Malgré toutes ces innovations, Mme Imafuku rappelle que l’apport humain est irremplaçable dans le processus de développement : « Les designers prennent le soin de sabler les moules des pièces à la main, pour s’assurer d’un résultat optimal. Il y a aussi un apport incroyable des fans, qui représente une immense communauté. Comme le but est de rendre l’expérience du gunpla de plus en plus agréable et simple et que nous voulons aussi développer les modèles réclamés par les amateurs de Gundam, nous prenons vraiment le temps de les consulter avant d’aller de l’avant avec de nouveaux designs de prototypes. » Dans une entrevue donnée au Japan Times en décembre 2012, Junichi Nishizawa, concepteur et designer de gunpla pour Bandai Co., explique que « le processus de développement d’un nouveau modèle, avec toutes les consultations qu’il exige, peut prendre jusqu’à un an, avant que le gunpla ne soit sur le marché. »

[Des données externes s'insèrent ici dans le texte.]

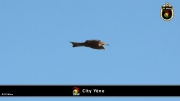City Yene 022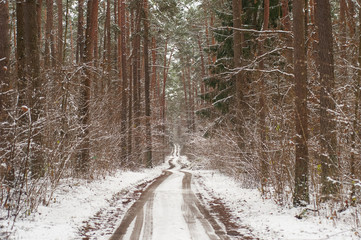 Gravel road in the forest covered with snow.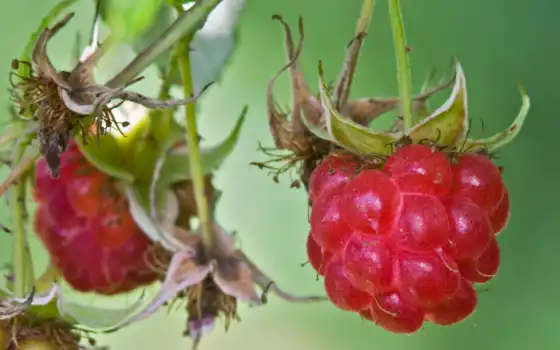 обои на рабочий стол, красивые картинки, картинки для ipad, обои для android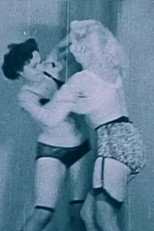 Poster de la película Negligee Fight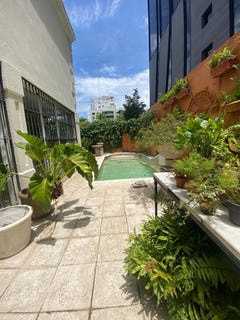 /international/do/piantini-santo-domingo-de-guzman-santo-domingo-310098142641/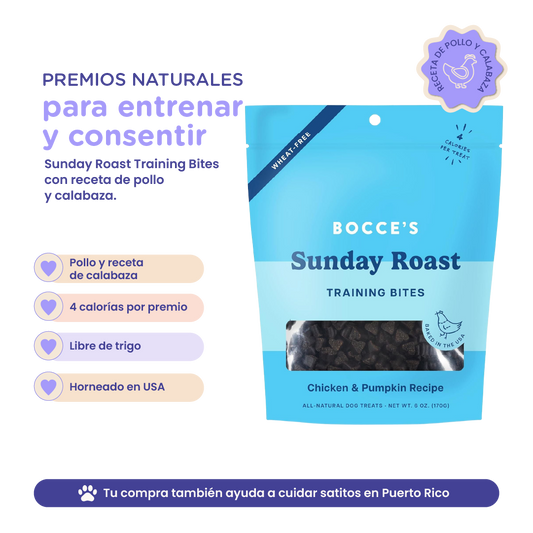 Bocce's Bakery Chicken & Pumpkin Sunday Roast Training Treats for Dogs 6 oz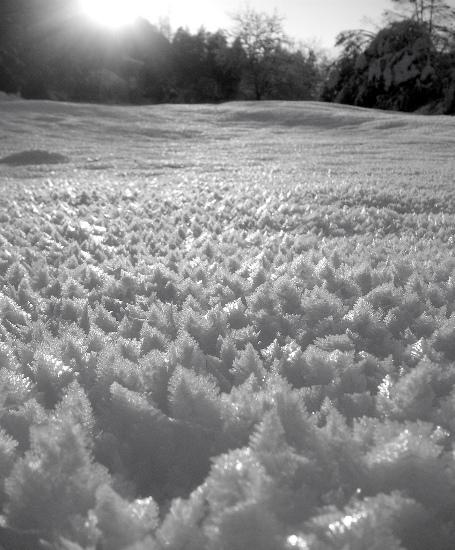 0031 L’artistica geometria dei cristalli di neve: di Marco Bizzarri e Paola Pardini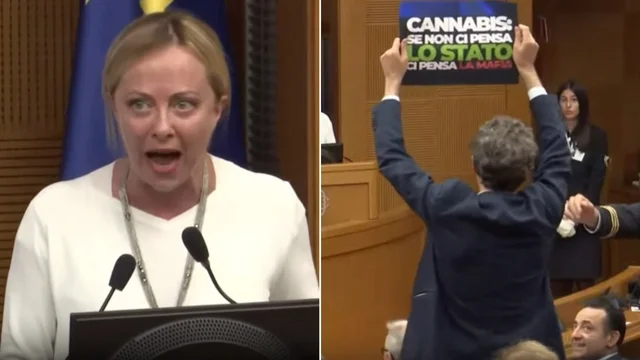 Droghe, Meloni: "Fumati una canna non sarà mai la mia politica". Poi lo scontro con Magi: "Non mi faccio intimidire"
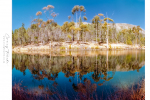 Landscape - Reflections, Koo Valley, Montagu, South-Africa | Kodak Ektar 100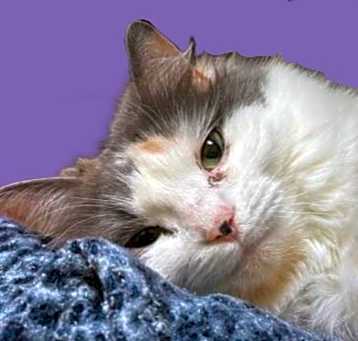 Photo of Harlow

Se réinventer sans cesse, chercher à renouveler un produit qui a déjà énormément de succès, voilà un défi que continuent de relever l’équipe de designers de gunpla de chez Bandai Co. Malgré quelques erreurs de parcours, quelques expériences un peu moins concluantes, sur ses 30 années d’existence, le gunpla continue de surprendre et de répondre aux attentes d’une communauté de fans exigeante. Un des derniers modèles à voir le jour en 2013, dans la série Real Grade (échelle 1/144), le Gundam Zeta, contient quelques milliers de pièces (l’armure du torse, à elle seule, en compte 300) qui lui donnent un aspect plus vrai que nature, même si, au fond, ça reste un jouet de plastique.

En bref:

• Plus de 1000 modèles différents à ce jour

• Différents niveaux de difficulté de construction et de réalisme : High Grade (échelle 1/144), Master Grade (échelle 1/100), Perfect Grade (échelle 1/60) et Real Grade (échelle 1/144)

• Les ventes annuelles de gunpla, au Japon seulement, se chiffrent à cinq miliards de yen

Où se procurer du gunpla?

Il est difficile de dénicher du gunpla dans des boutiques montréalaises. Sci-fi Anime, à proximité du métro Atwater, offre une raisonnable sélection de modèles, mais ils s’envolent vite. Sinon, à moins d’aller faire un détour par New-York, la vente en ligne reste le meilleur moyen de s’adonner à ce hobby hors du commun.